David Zeuthen davidz at redhat.com
Thu Jun 18 16:26:55 PDT 2009


On Thu, 2009-06-18 at 21:11 +0100, Richard W.M. Jones wrote:
> On Thu, Jun 18, 2009 at 03:02:53PM -0400, Matthias Clasen wrote:
> > On Thu, 2009-06-18 at 19:09 +0100, Richard W.M. Jones wrote:
> > > Can the malware inject code into the process which gained the
> > > authentication (eg. using ptrace)?
> > 
> > Once you have malware running in your session, there's probably more
> > important stuff to worry about, like all your data in ~/.firefox...
> Right, but this is about privilege escalation (malware trying to gain
> root).  However I agree that it's bad enough if you have any malware
> in your session.
> I'm only interested BTW.  I'm not saying this is a real exploit :-)

As others have said, if you have malware in your session then you've
basically lost already.

The observation to make here is that for truly dangerous stuff, such as
installing unsigned software (PackageKit) or running programs as root
(pkexec), you _always_ use one-shot authorizations. There is even a
facility to customize what is shown to the user in a way that is not
spoofable [1]. 

But for e.g. applications where you repeatedly need to continuously do
operations over and over again, such as a disk utility app for example,
it's not really convenient having to type in your password over and over
again. As noted in many many places about both usability and security,
authentication dialogs are, in general, bad - they don't really add any
real security, they confuse users and they disrupt workflows.
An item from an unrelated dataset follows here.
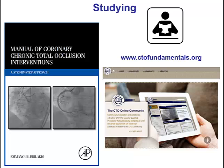One can start by familiarizing with the terminology and techniques by reading books such as the Manual of CTO Interventions — with which I obviously have a conflict — and also looking at websites such as ctofundamentals.org, a website that presents both a didactic component as well as a platform for sharing cases with other CTO operators.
So for applications where the authorization to do stuff is kept (for a
limited time and only limited to the process doing it), sure, malicious
code running as the same uid can inject code and take advantage of that
authorization. It doesn't even need to use ptrace, there's a lot of
other well-known ways to inject code. Including, but not limited to
taking advantage of the windowing system (e.g. X11) and the
accessibility framework.

But the point is really that said malicious code can't do a lot of harm.
At worst it can manage your networks, update installed packages with
newer signed versions and, if the user happens to run the disk utility
app, format some disks that are not already mounted and maybe change the
time zone. Not very exciting, compared to some much higher value targets
in e.g. ~/.firefox or ~/.evolution.

Of course, if the user wanted, he could configure PolicyKit so it always
prompts for authentication whenever the user requests services from a
Mechanism. Or you can use the existing nullbackend (shipped with polkit)
to always deny service (it's what you want to use for servers). But then
you turned a relatively good desktop user experience into a horrible
one. Ie. not worth the effort. Unless maybe you are the DoD (and that's
exactly why PolicyKit is pluggable so orgs/sites/etc can define their
own authorization policy.)

Anyway, the goal of PolicyKit isn't to fix the "cope with malware in
your session" problem. That problem is much much harder to fix and it
requires us to depart from the model where the whole user session is a
single security context.

Hope this clarifies.


[1] : except of course that right now the authentication agent runs in
your user session. This means it is susceptible to the same attacks as
anything else in the session including ptrace and xspy. So you can
easily inject code into this process to capture passwords or spoof

Anyway, the way we want to solve this is to add a "secure" desktop.
Whenever we have the need to prompt the user for a password, we bring up
the "secure desktop". This would be a completely different session using
a separate X server and with only well-known and trusted programs
running in it. We'd run, ideally, all password prompts in this session.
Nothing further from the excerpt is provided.